YOUR ASSIGNMENT -
Please restate, exactly as they appear, only the lines from the one that contains "MI GUSTO ES AMOR CALI" to the final line of the entries, with no pictures.

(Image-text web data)
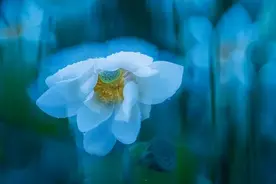 春天拍花，试试多重曝光乐趣多多图片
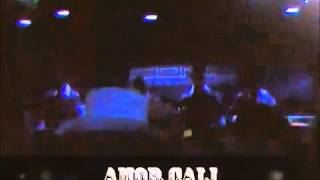 MI GUSTO ES AMOR CALI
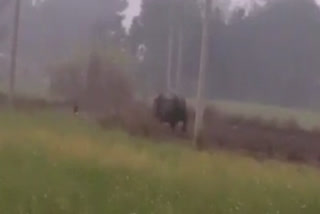Rhinoceros attacks forest officer in Bihar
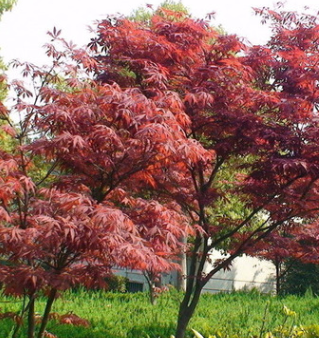 紅楓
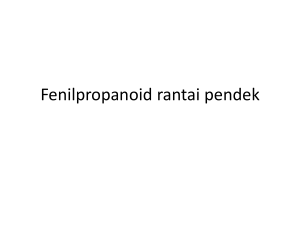 Fenilpropanoid rantai pendek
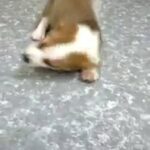 Corgi female puppy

SOLUTION -
 MI GUSTO ES AMOR CALI
Rhinoceros attacks forest officer in Bihar
 紅楓
 Fenilpropanoid rantai pendek
 Corgi female puppy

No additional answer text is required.